Expiration date: 08/2026
Pharmachologic effect
Worming and protivoprotozoynoe means. Selectively inhibit the polymerization of beta-tubulin, resulting in cell destruction cytoplasmic microtubules intestinal helminths biochemical changes during the process (suppressing glucose utilization), blocks the movement of secretory granules and other organelles roundworms muscle cells, causing their death. Most effective against larval forms of cestodes - Echinococcus granulosus and Taenia solium, hookworms - Strongyloides stercolatis.
Pharmacokinetics
Suction
After oral administration is poorly absorbed from the gastrointestinal tract because of poor solubility in water. The drug is rapidly metabolized in the "first pass" through the liver, so the plasma concentration of albendazole in unmodified form are negligible and are not detected. Oral bioavailability is low. However, the simultaneous reception of fatty food absorption and greatly increases the concentration in plasma albendazole (5 times). Albendazole sulfoxide Cmax achieved within 2-5 hours.
Distribution
Plasma protein binding is 70%. Albendazole is well distributed in the body, reaching high concentrations in the urine and the bile, the liver, the wall and the liquid parasitic cysts, cerebrospinal fluid.
Metabolism
Albendazole is rapidly metabolized in the liver with the formation of the primary metabolite - albendazole sulfoxide, also having anthelmintic activity. Albendazole sulfoxide in turn converted to albendazole sulfone (secondary metabolite) and other oxygenated products devoid of pharmacological activity.
Albendazole is an inducer of microsomal enzyme CYP1A2 in human liver cells.
breeding
T1 / 2 albendazole sulfoxide is 8-12 h. The drug is excreted as various metabolites in the urine and the bile, and the renal excretion of small (less than 1%).

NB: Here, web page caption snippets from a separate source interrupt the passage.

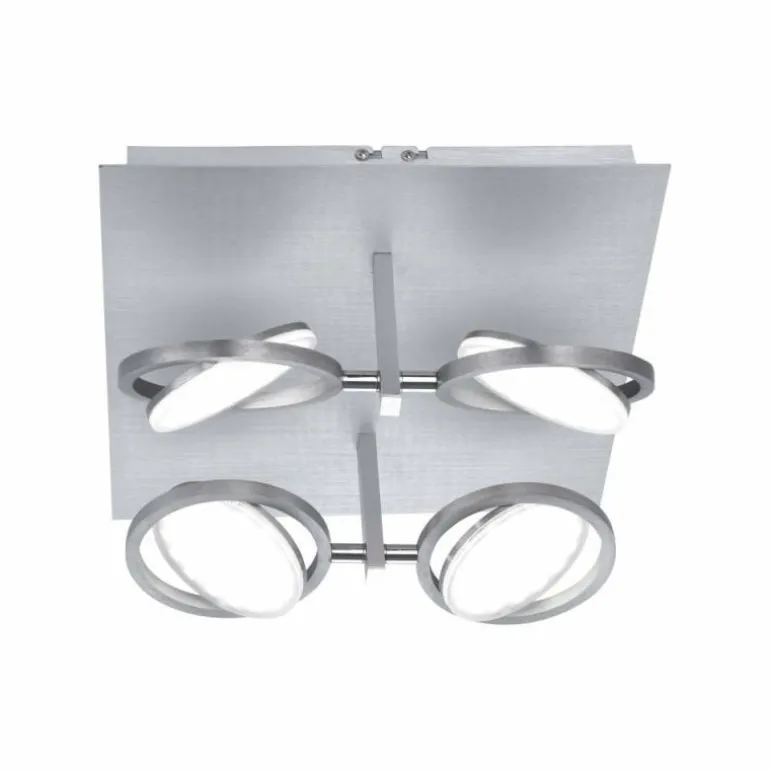 Plafonnier Paul Neuhaus Q-Orbit LED Aluminium, 4 lumières, Télécommandes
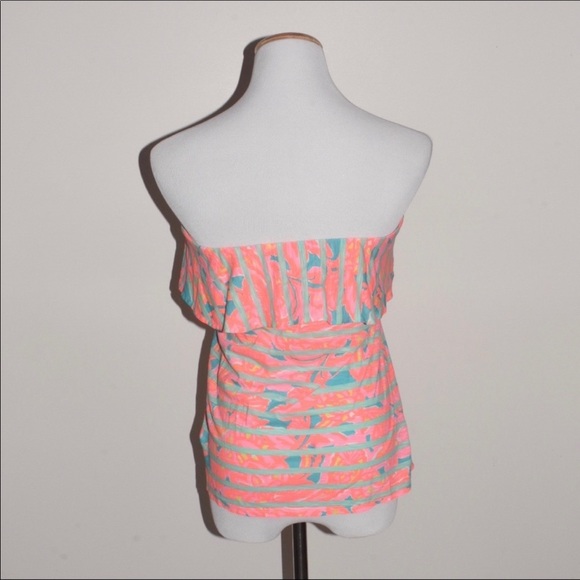 EUC Lilly Pulitzer Wakely Ruffle Tube Top - Picture 5 of 6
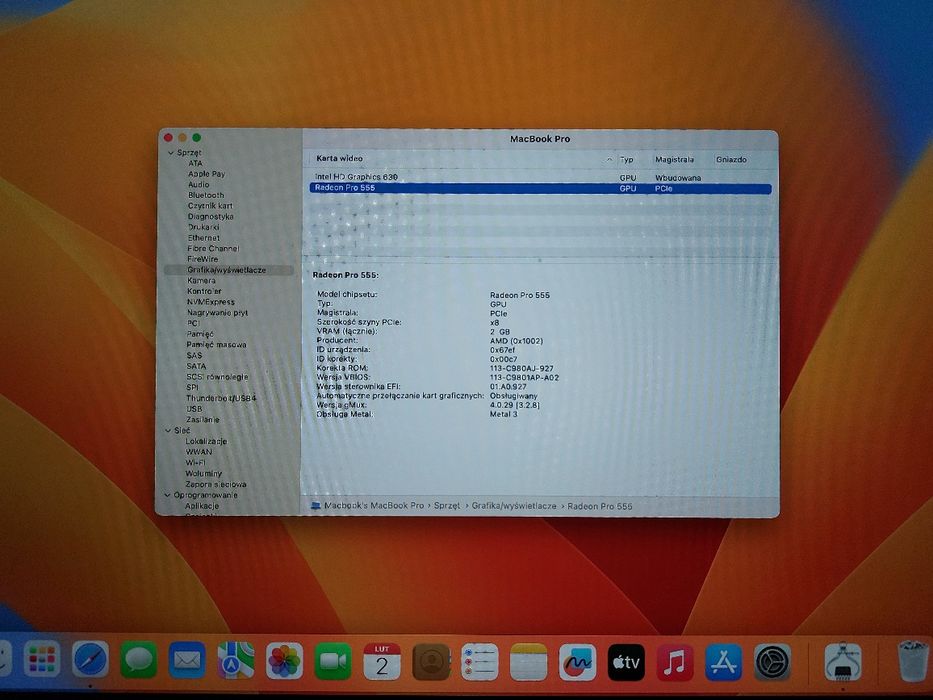 Macbook Pro 15 2017  i7/16GB/256SSD/AMD Pro 555 2GB/Bateria 1 Cykl/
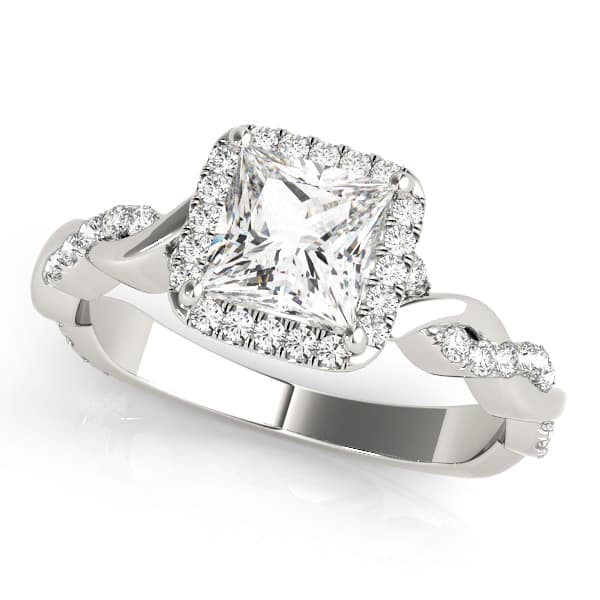 Braided Shank Prong Set Halo Engagement Ring — style 51082 in 10k White Gold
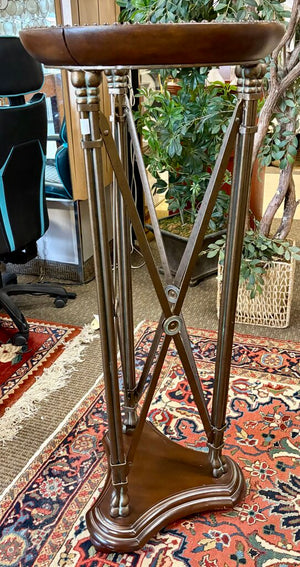 Maitland Smith French Directoire Style Leather Nailhead Metal & Glass Plant Stand 47.5"
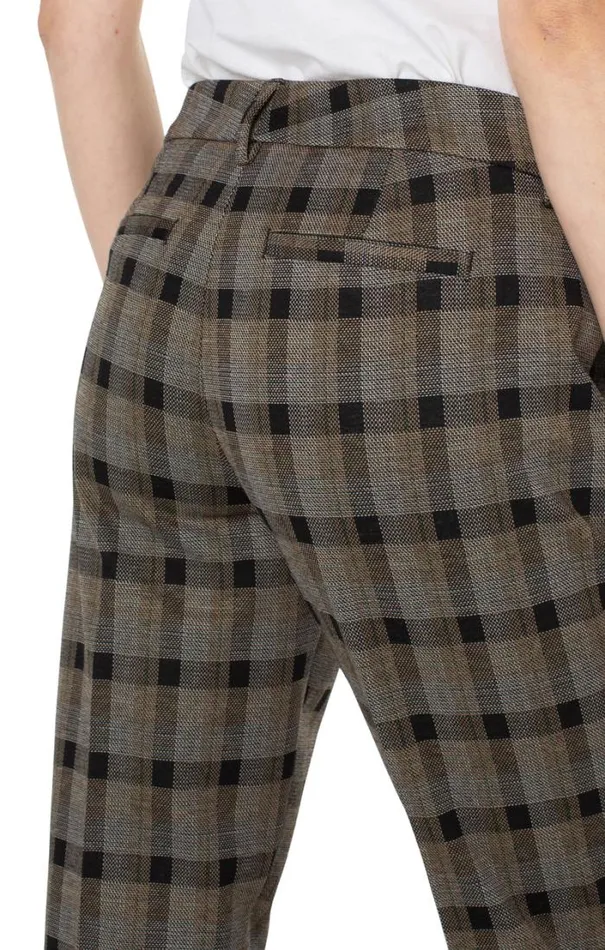 TROUSERS Women Liverpool Los Angeles KELSEY KNIT TROUSER Black Granola Linear Plaid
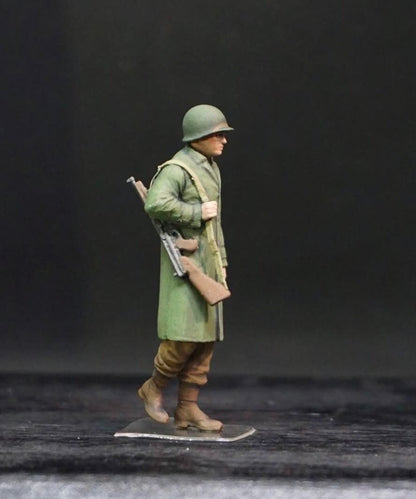 1/35 WWII US Soldiers Rainwear Figure Set, Hand Painted American Army Military Miniatures, 5 Figures for WW2 Diorama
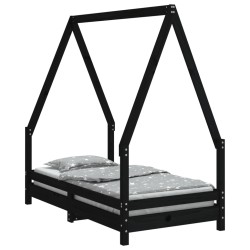 vidaXL Estructura de cama para niños madera de pino negro 70x140 cm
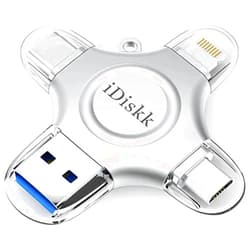 IDiskk MFi Certified iDiskk 128GB Flash Drive for iPhone 17 16 iPad USB 3.0 Lightning Drive 4 in 1 Multi Functional External Storage for iOS and Android Samsung Phones Type c Devices and MacBook Photo Drive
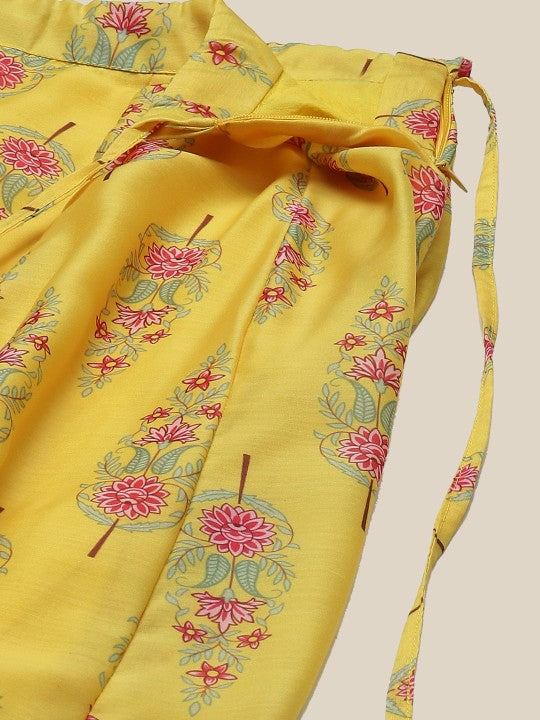 Women Yellow Printed Maxi Flared Skirts-5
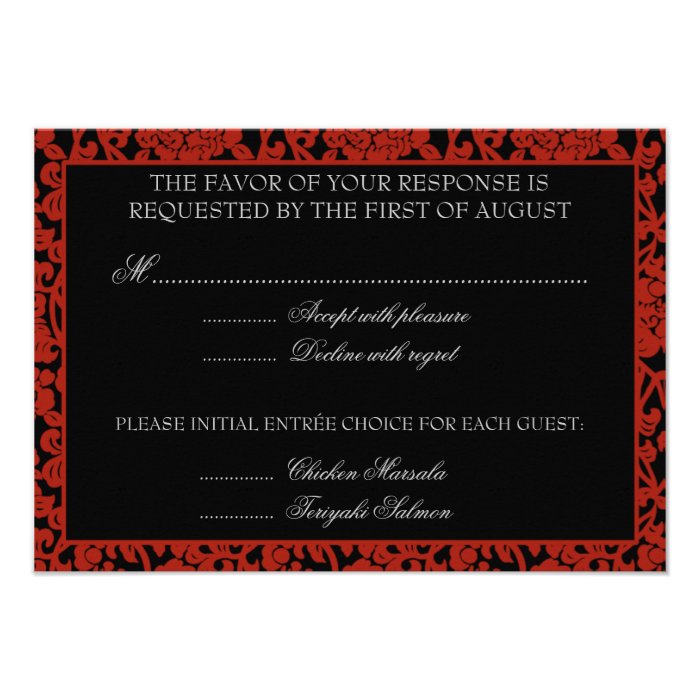 Gothic Floral Red & Black Damask RSVP Monogram Custom Invite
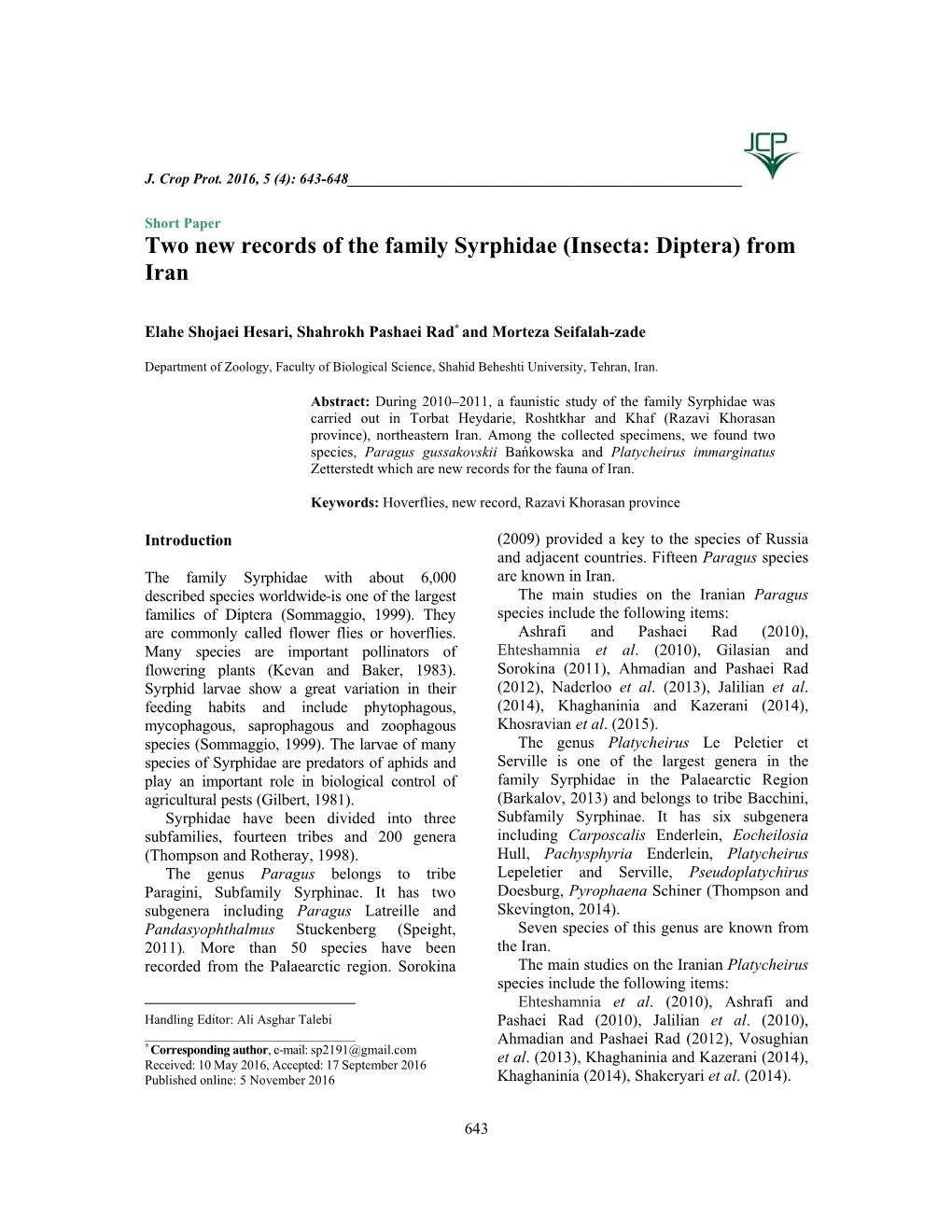 Two New Records of the Family Syrphidae (Insecta: Diptera) from Iran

Pharmacokinetics in special clinical situations
Against the background of liver damage increases the bioavailability of albendazole. Cmax albendazole sulfoxide increases 2 times, and T1 / 2 longer.
Patients with impaired renal function, clearance of albendazole and its metabolites did not change.
Testimony
- Neurocysticercosis caused by the larval form of the pork tapeworm (Taenia solium),
- Hydatid disease of the liver, lung, peritoneum, caused by the larval form of the dog tapeworm (Echinococcus granulosus),
- Nematosis: ascariasis, trichocephalosis, hookworm, enterobiosis, strongyloidiasis,
- Trematodozy: opistorhoz,
- Some protozoal infections: giardiasis, microsporidiosis,
- Mixed helminthiases,
- As an aid in the surgical treatment of ehinokok cysts.